YOUR OBJECTIVE – Look for the line with "Hello guys, welcome in" in the data below, then reproduce word for word that line and every line after it. Leave out all pictures and add nothing.
---------- RAW DATA ----------
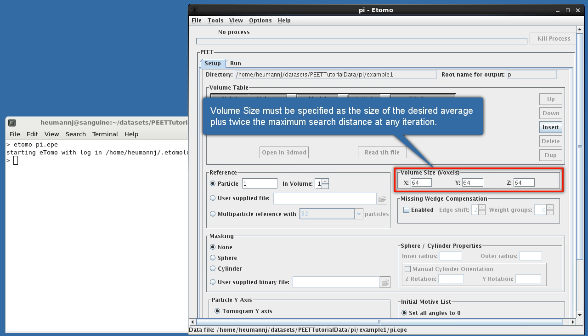was sufficient to contain the region of interest, and if the maximum search distance was 6 voxels, I'd specify a volume size of 60 rather than 48.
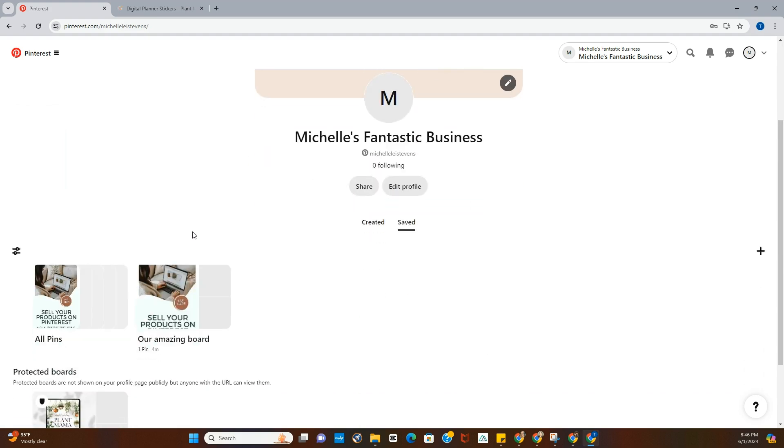I hope that was helpful. If you have any questions, make sure to leave a comment down below, or you can reach out to me at my email hello@michelle-stevens.com, and we will chat soon. Have a great one.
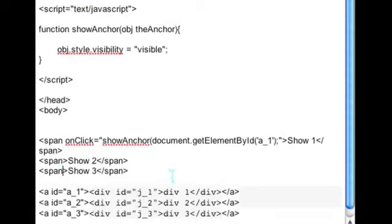And when you click on that span, the corresponding div will appear visible.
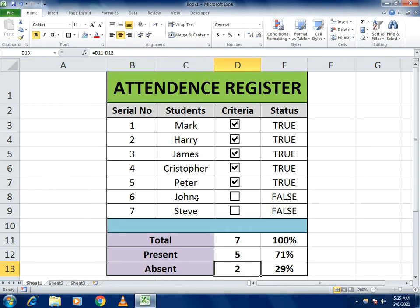Hello guys, welcome to our channel. Today's topic is very easy — we will make an attendance register. Here you can see the example: I made the serial numbers, the names of the students, and a criteria column. In the criteria I use the data validation function, so we will learn how to use the data validation function. With it, we can also generate a status.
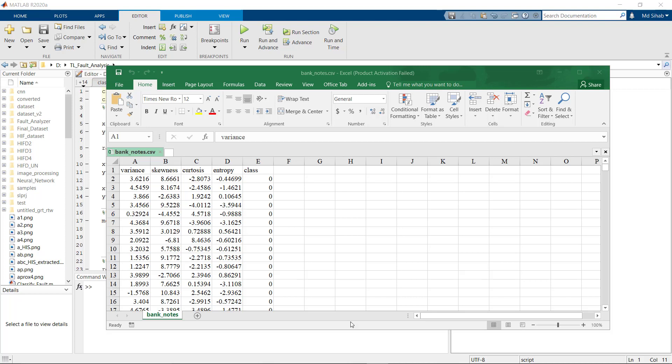Hello viewers, in this tutorial we'll see how we can train support vector machine on MATLAB. The training procedure of MATLAB is different from Python, so in Python we know we can train both binary class or multiclass problems with the same code or procedure.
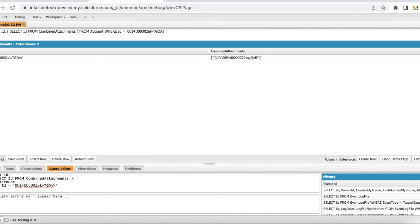Using subquery, we can easily query Combined Attachment records since query is not applicable on Combined Attachment object directly.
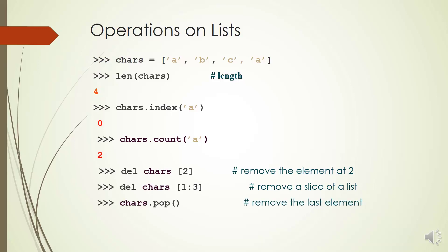You can use pop method to remove the last item in a list. If you pass an index in the parentheses, it will remove the element in the given index.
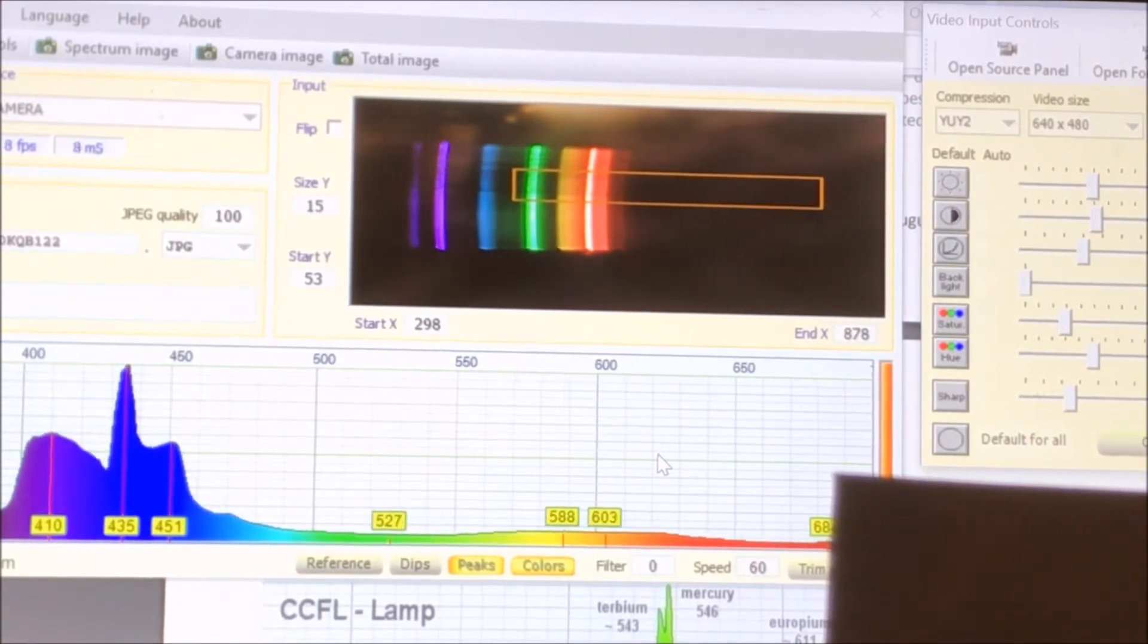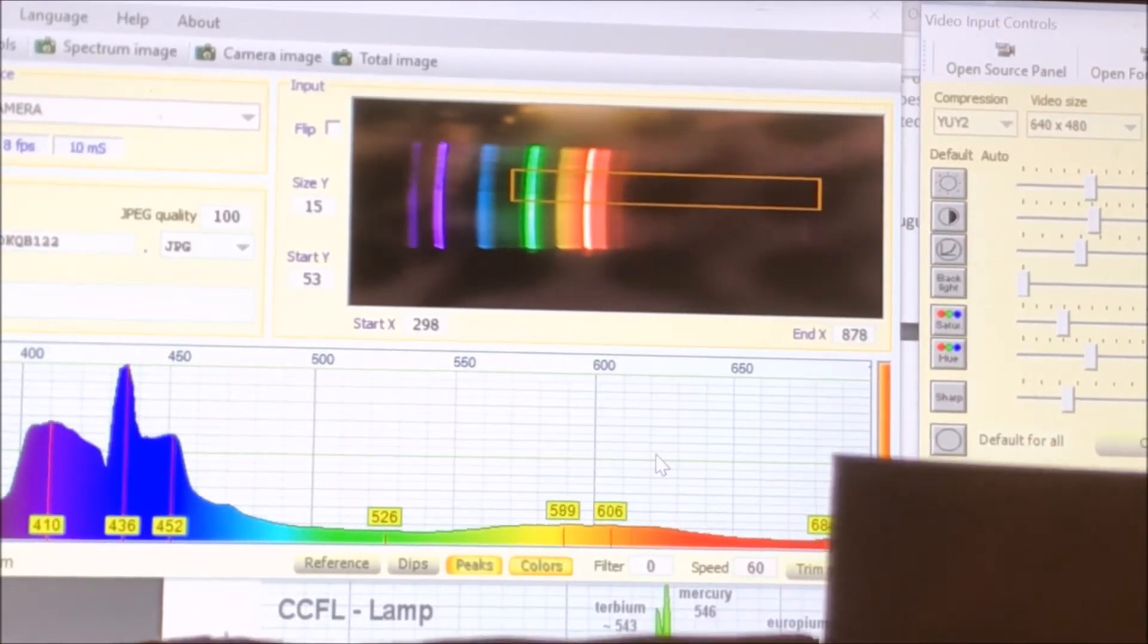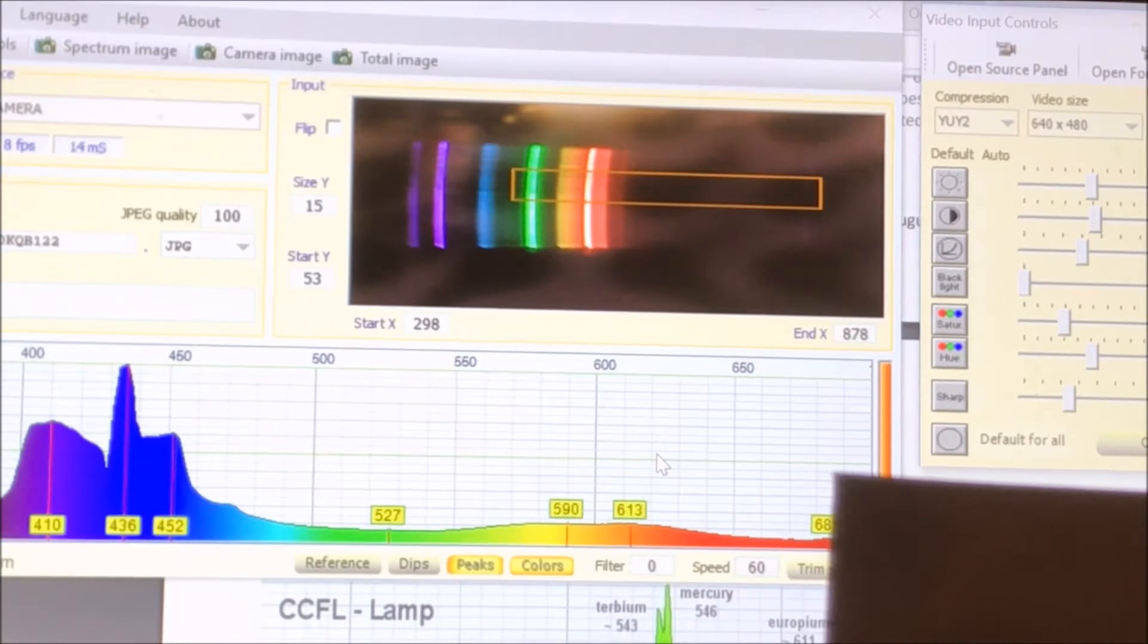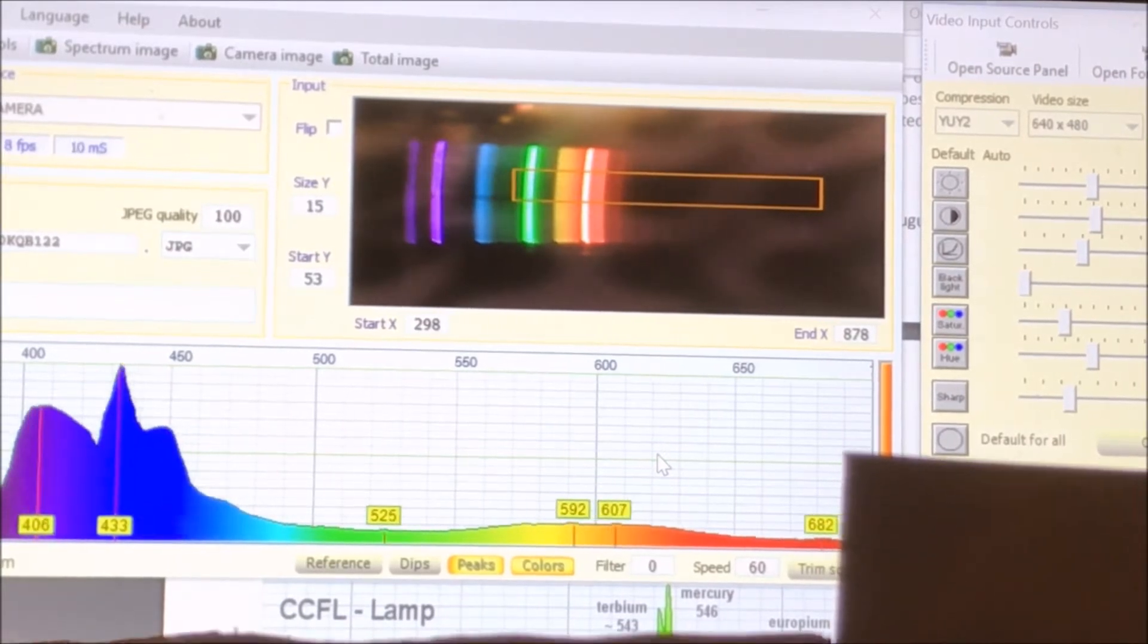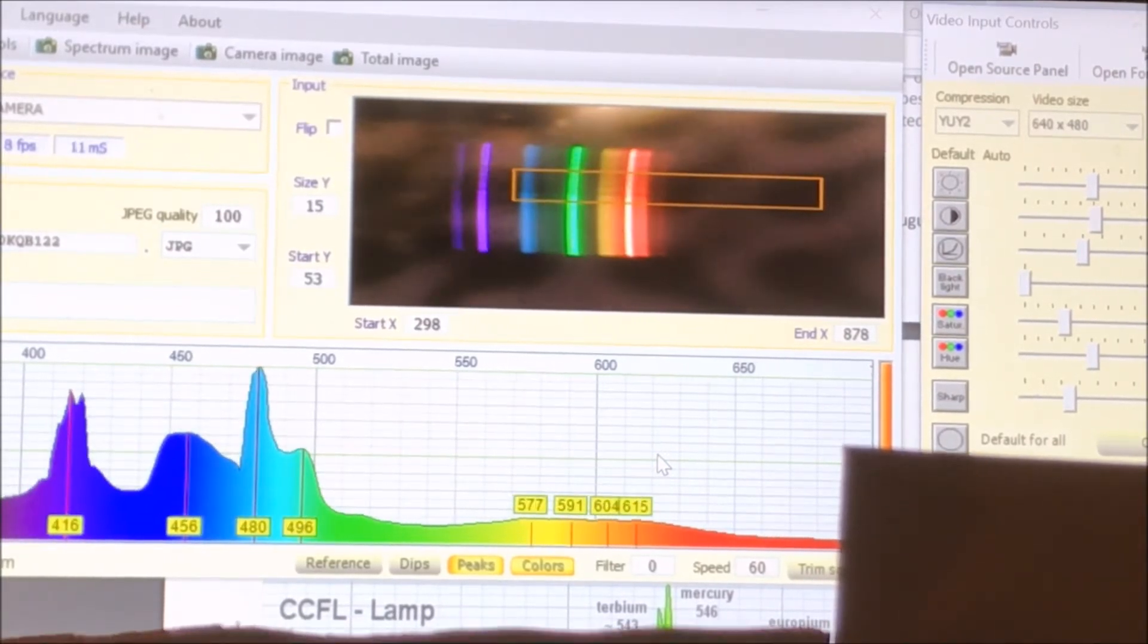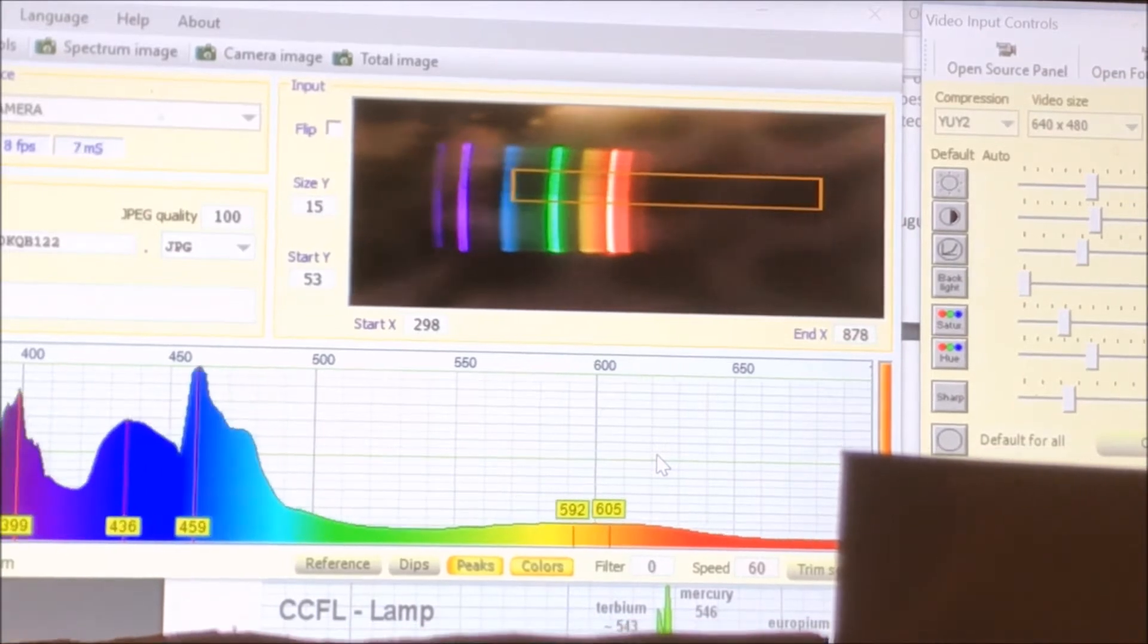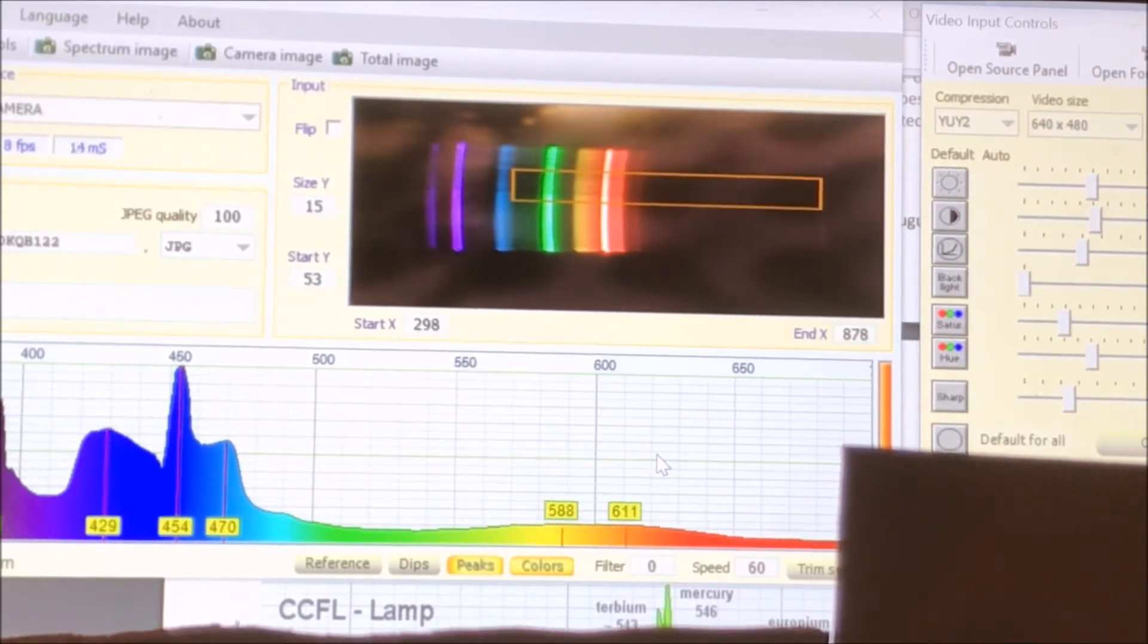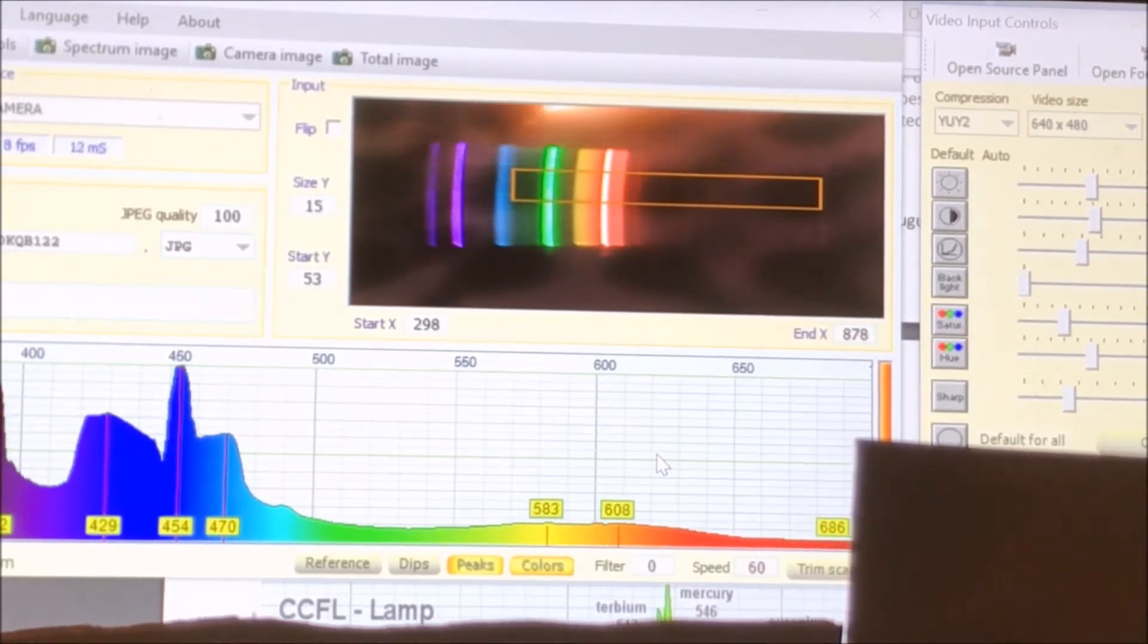You can also see that kind of curvature that we get there when we're pretty close. So right now I'm about three inches, three to four inches from the slit.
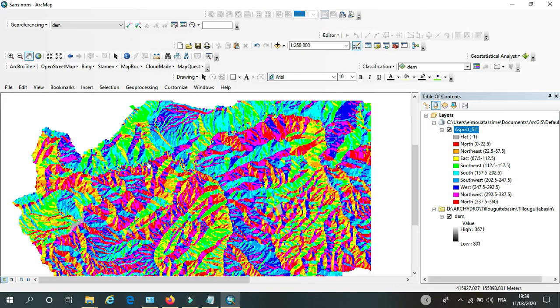Hello guys, welcome in this new video. Today I want to share with you how you can calculate the aspects in ArcGIS. First I would like to make a short introduction of the aspect.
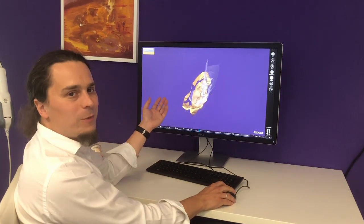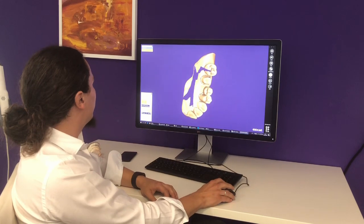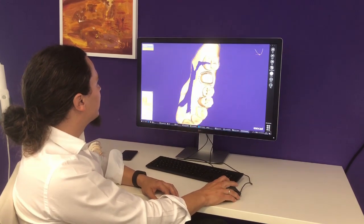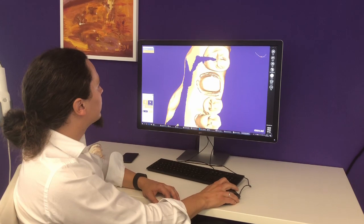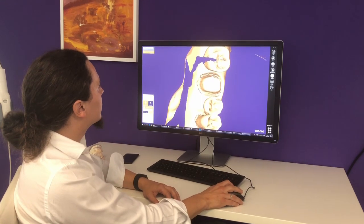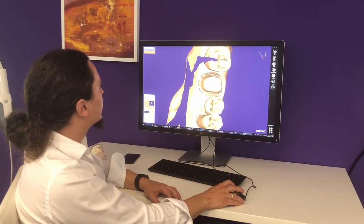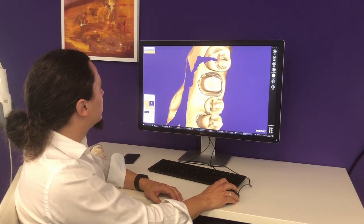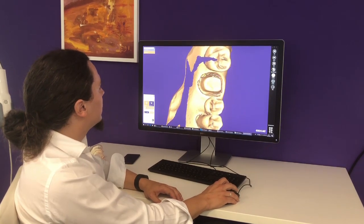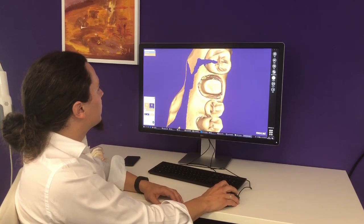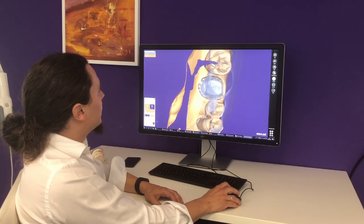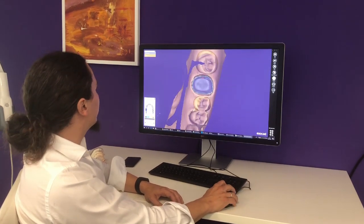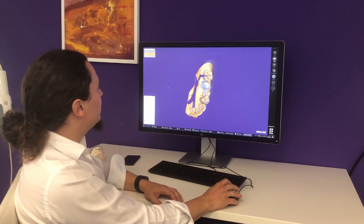The software will now automatically load the scan data and we proceed with the margin line detection. I quickly confirm the insertion axis — looks fine to me, so let's proceed.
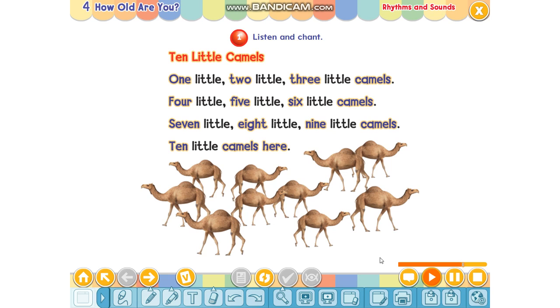One little, two little, three little camels. Four little, five little, six little camels. Seven little, little, nine little camels. Ten little camels here.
----------
REPLY TO THE TASK –
Hello guys, welcome in this new video. Today I want to share with you how you can calculate the aspects in ArcGIS. First I would like to make a short introduction of the aspect.
The software will now automatically load the scan data and we proceed with the margin line detection. I quickly confirm the insertion axis — looks fine to me, so let's proceed.
One little, two little, three little camels. Four little, five little, six little camels. Seven little, little, nine little camels. Ten little camels here.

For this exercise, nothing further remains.